Quando se encontrava no coração da Selva, Muru Muru bem treinado para sua missão decide abandonar seu esconderijo. A partir dali teria que procurar o grande rio onde mora Yacumama, a grande serpente da água, pois ela seria seu novo meio de transporte para chegar ao Ukhu Pacha. A grande jíboia não notou quando o jovem beija-flor aproveitou o momento em que ela abria sua boca para bocejar e escondeu-se entre seus afiados dentes. Sem perceber a presença de seu passageiro Yacumama mergulhou até as profundezas das águas. Uma vez lá a serpente se deteve para repousar nos dominios de Ukhu Pacha. Muru Muru aproveitou o momento e fugiu pelas narinas de Yacumama. De imediato se deu conta que se encontrava em outra dimensão, num outro mundo no qual as cores, cheiros sons e luzes celestes brilham sem cessar. Percebeu também a presença de seus ancestrais Q’entes, beija-flores, voando ao redor das flores aromáticas deste majestoso Éden. Os beija-flores ao vê-lo disseram que ele deveria falar com o conselho do “Clã dos Q’entes” do mundo inferior.
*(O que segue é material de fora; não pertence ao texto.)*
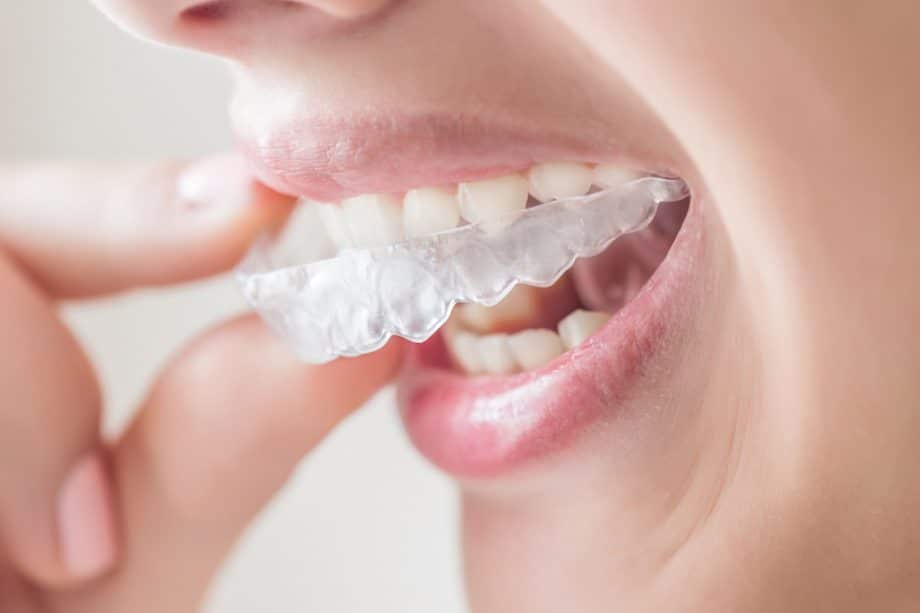 Invisalign: A Clear Path to a Straighter Smile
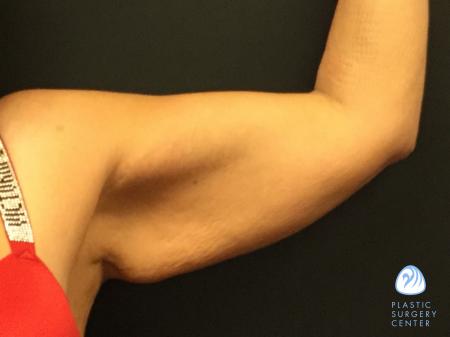 crepey arm skin tightening treatment algonquin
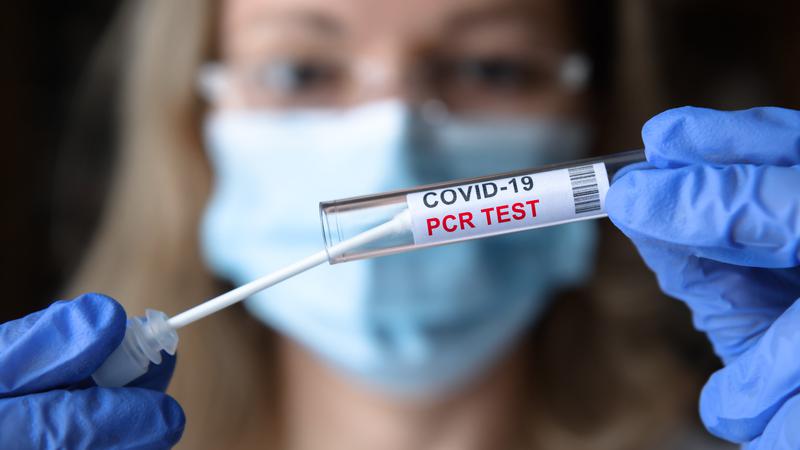 Giải đáp: Xét nghiệm PCR Covid bao lâu có kết quả quy trình thế nào?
Após escutarem Muru Muru, o “Conselho dos Q’entes” concordaram em resolver o impasse com os beija-flores do Kay Pacha, mundo mediano. Disseram que para isso acontecer Muru Muru teria que regressar a floresta amazônica e ir até o Paititi: a cidadela Inka de ouro e lá deveria subir ao topo da pirâmide mais alta e descansar por um momento ao lado do Korekenke de ouro, e desta maneira resolveria todos os problemas criados. Muru Muru aceitou, afinal, essa missão não seria tão difícil, considerando tudo que havia passado naquela jornada. Ao chegar no alto da pirâmide mais alta do Paititi o beija-flor pousou ao lado de Korekenke, a ave sagrada Inka, e neste momento se converteu no Kori Q’ente: o beija-flor de ouro Inka. Esta posição privilegiada foi alcançada graças a sua astúcia e acima de tudo a seu próprio sacrifício. Seus filhos e descendentes passaram a chamá-lo orgulhosamente de Kori Q’ente, o beija-flor dourado que repousa nos altares da cidade sagrada de ouro dos Inkas.